Real
estate bubble, sub-prime mortgages, securitized products and their
derivatives were largely responsible for the ultimate collapse, leading
us the the economic conditions of today. Policy makers and investors
alike were, and still are, basing their actions on a false set of
commonly accepted myths.
The
first example is provided by the many different House Price Indexes.
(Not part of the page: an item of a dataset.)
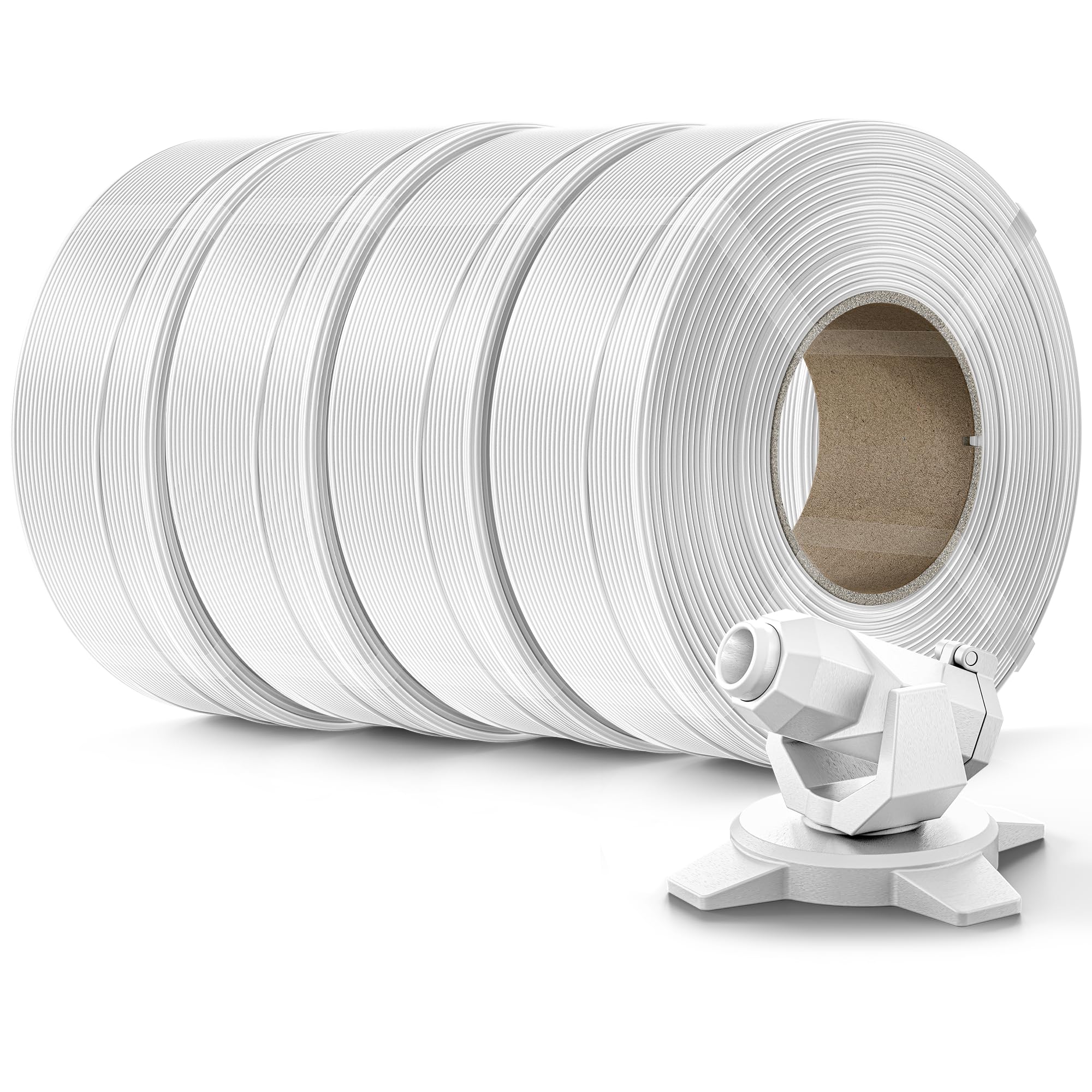 Creality PETG Filament Refill 1.75mm 3D Printer Filament, 4kg (8.8lb) Refilament for Bambu Lab Reusable Spool, Dimensional Accuracy ±0.03mm, White(4-Pack)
Borrowing a table from my cyber-friend Calculated Risk, here are the
most recent changes in the indexes put together by various different
sources:
House price increases according to a variety of sources
Depending
on who one prefers to believe, house prices have appreciated between
5.2% to 13.2% year over year. Case-Shiller is probably the most commonly
referenced index today. Their fancy model with a nice interactive chart
can be found on the S&P/Case Shiller website. Those who want to engage in a bit of intellectual exercise can read the 48 page explanation of the Case Shiller methodology. A much better read however, is this simple one page overview by FNC
that debunks all the house price indexes, including their own. I would
like to add that no index takes into account the prevailing interest
rate and lending practices, and no-one has figured out a method to make
appropriate adjustments. For example, how does one compare a house that
sold for $100,000 in 2005 utilizing sub-prime financing, vs. the same
house that sold for $70,000 cash in 2013, with a few foreclosures and
flips in between? Was $100,000 a meaningful indication of value? Did it
really depreciate by 30% in 8 years? Here is the well-known Case-Shiller
chart:
Case Shiller house price indexes – click to enlarge.
Everyone is somewhat familiar with the chart. About the only conclusion I can draw is that easy monetary policy and irresponsible lending practices may lead to a bubble, and bubbles do always burst. It has no predictive value nor does it really tell one much about the past. Gurus may compare today's prices to the sub-prime peak or some imaginary "norm", as if that could offer guidance to policy and investment decisions.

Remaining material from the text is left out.